Exercise:
Everything from the line containing "Done By Deer" to the end of the listing, both included, should be returned exactly, apart from the pictures.

Supplied information:

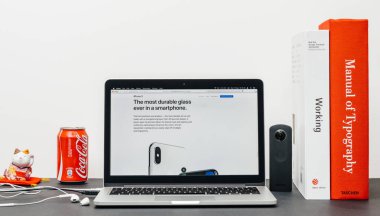 En son iphone X 10 en dayanıklı smartphone cam ile 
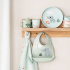 Done By Deer Haklapp i silikon Playground Green i gruppen Babytillbehör / Äta och mata / Haklappar hos Bonti (DOBD1359523)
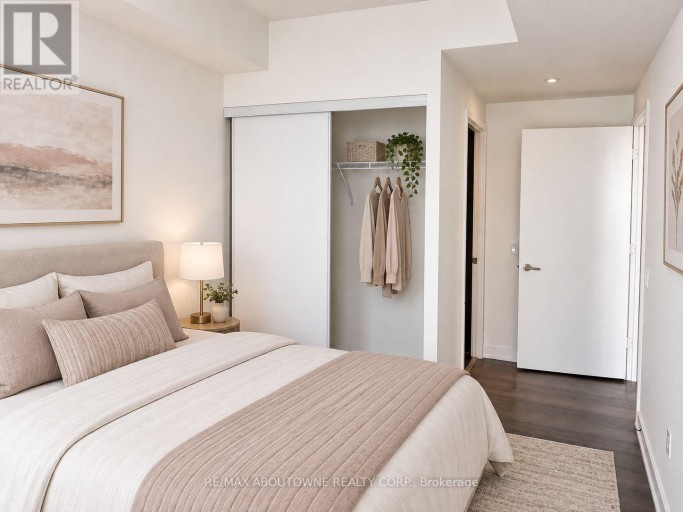 7402 - 448 BURNHAMTHORPE ROAD W, Mississauga (City Centre), Ontario, L5B0R4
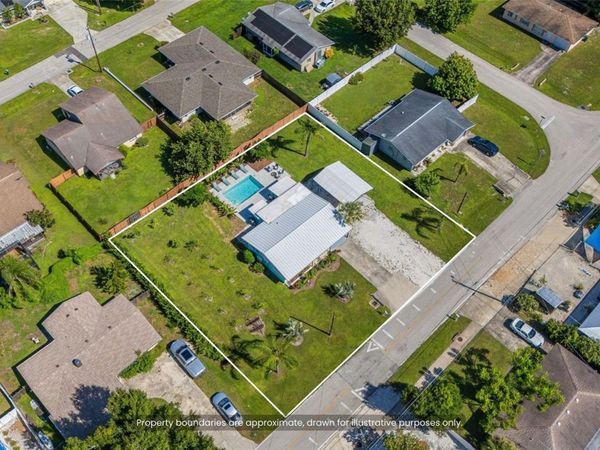 4519 BROOKSDALE DRIVE , SARASOTA, FL 34232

Your response:
 Done By Deer Haklapp i silikon Playground Green i gruppen Babytillbehör / Äta och mata / Haklappar hos Bonti (DOBD1359523)
 7402 - 448 BURNHAMTHORPE ROAD W, Mississauga (City Centre), Ontario, L5B0R4
 4519 BROOKSDALE DRIVE , SARASOTA, FL 34232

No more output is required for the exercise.